Fact Check: Minnesota isn't rushing to adopt California's gas-car sales ban

As California moves toward banning sales of new gas-powered vehicles in 2035, Minnesota isn't rushing headfirst to join the Golden State.

There are no plans to implement a California-style ban here, DFL Gov. Tim Walz's campaign tells FOX 9 in his most definitive statement on the issue. In recent public statements, Walz's regulators haven't ruled out the idea but haven't embraced it, either.

"California has made a choice that makes sense for California, and at this point, we are just moving forward with our plan," Katrina Kessler, the Minnesota Pollution Control Agency's commissioner, told reporters last week.

It's not quite that simple, because Minnesota adopted California's previous standards. Now it must decide by 2025 whether to follow California toward the gas-car ban or revert back to less-strict federal emissions rules.

Minnesota's auto dealers and Republican lawmakers have been pressuring state regulators to give a yes or no answer on what they'll do.

"The Minnesota Pollution Control Agency’s position on California cars seems to be evolving, but we’d like a straight answer," said Scott Lambert, president of the Minnesota Auto Dealers Association, which is suing over the state over the issue. "Are they going to continue with the California car mandate or not?"

Why Minnesota follows California

California has the unique power to design its own vehicle emissions standards. The 1970 federal Clean Air Act gave California that authority to deal with smog around Los Angeles.

Other states can't adopt their own standards. Instead, they have two options: use California's rules or the federal ones.

Last year, the Walz administration followed through with a years-long process to adopt California's initial emissions standards, which don't include the gas-car ban. Once the rules take effect in 2024 - for model year 2025 – they'll require Minnesota auto dealers to carry a higher percentage of electric vehicles in their inventory.

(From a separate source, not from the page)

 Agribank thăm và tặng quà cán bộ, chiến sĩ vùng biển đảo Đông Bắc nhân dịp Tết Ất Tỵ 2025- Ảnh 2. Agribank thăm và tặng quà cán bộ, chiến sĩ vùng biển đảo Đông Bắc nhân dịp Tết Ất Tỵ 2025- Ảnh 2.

Walz says the standard will make EVs more available in Minnesota while reducing carbon emissions. Right now, the transportation sector accounts for 25% of carbon emissions in the state.

The decision came over objections from Republican lawmakers, who forced out then-Pollution Control Commissioner Laura Bishop. The state's car dealers sued the Walz administration, lost, and are now appealing.

California's latest move threw a wrench in Minnesota's planning. Starting in 2026, California will restrict the percentage of gas-powered cars that dealers can sell. Then, in 2035, the ban kicks in.

Seventeen states have adopted California's earlier standards and now face choices about whether to impose their own bans or untether themselves from California's rules. Several, including Washington and Massachusetts, are expected to adopt their own bans. Others, like Colorado and Pennsylvania, have no plans to do so.

Minnesota's next move

Minnesota regulators say they're not starting another rulemaking process to join California's ban at this point.

"Minnesota would need to conduct another rulemaking process to adopt anything other than the standards that were adopted in 2021," said Andrea Cournoyer, a spokeswoman for the Minnesota Pollution Control Agency. "If the state takes no action, the federal standards – not California standards – will apply for new vehicles sold in Minnesota, beginning with model year 2026."

That means California's initial standards, which require dealers to carry a larger percentage of EVs, will be in effect here for only one model year, 2025.

The issue has been a minor factor during the governor's race between Walz and Republican Scott Jensen.

Last week, Walz released a 69-page climate plan that doesn't include a California-style ban. Instead, it calls for 20% of the cars on Minnesota roads to be electric by 2030, up from less than 1% now. The benchmark is only a goal, not a requirement.

"There are no plans to implement the new California  car policy," a Walz campaign spokesman said. 

Meanwhile, Jensen has criticized Walz over the adoption of California's initial standards and has said he'd repeal them if elected governor.

State regulators and at least one environmental group said the landscape now provides opportunities to boost EV adoption without following California's rules. Among the shifts: more EVs on the market, a looming build-out of electric vehicle charging networks through the 2021 federal infrastructure law, and renewed $7,500 tax credits for EV purchases through this year's federal climate law.

Aaron Klemz, chief strategy officer for the Minnesota Center for Environmental Advocacy, said his group has not decided whether to push for a California-style ban.

"The changes in the EV market that have occurred between early 2019 and now are dramatic, and the recent passage of the (2022 climate law) has added even more dynamism to this issue," Klemz said in an email. "That's why we are taking a broader view and gathering more information before making a decision on whether to push for another rulemaking."

Klemz's group has intervened in the auto dealers' lawsuit to defend Minnesota regulators' legal authority to issue new rules in the future.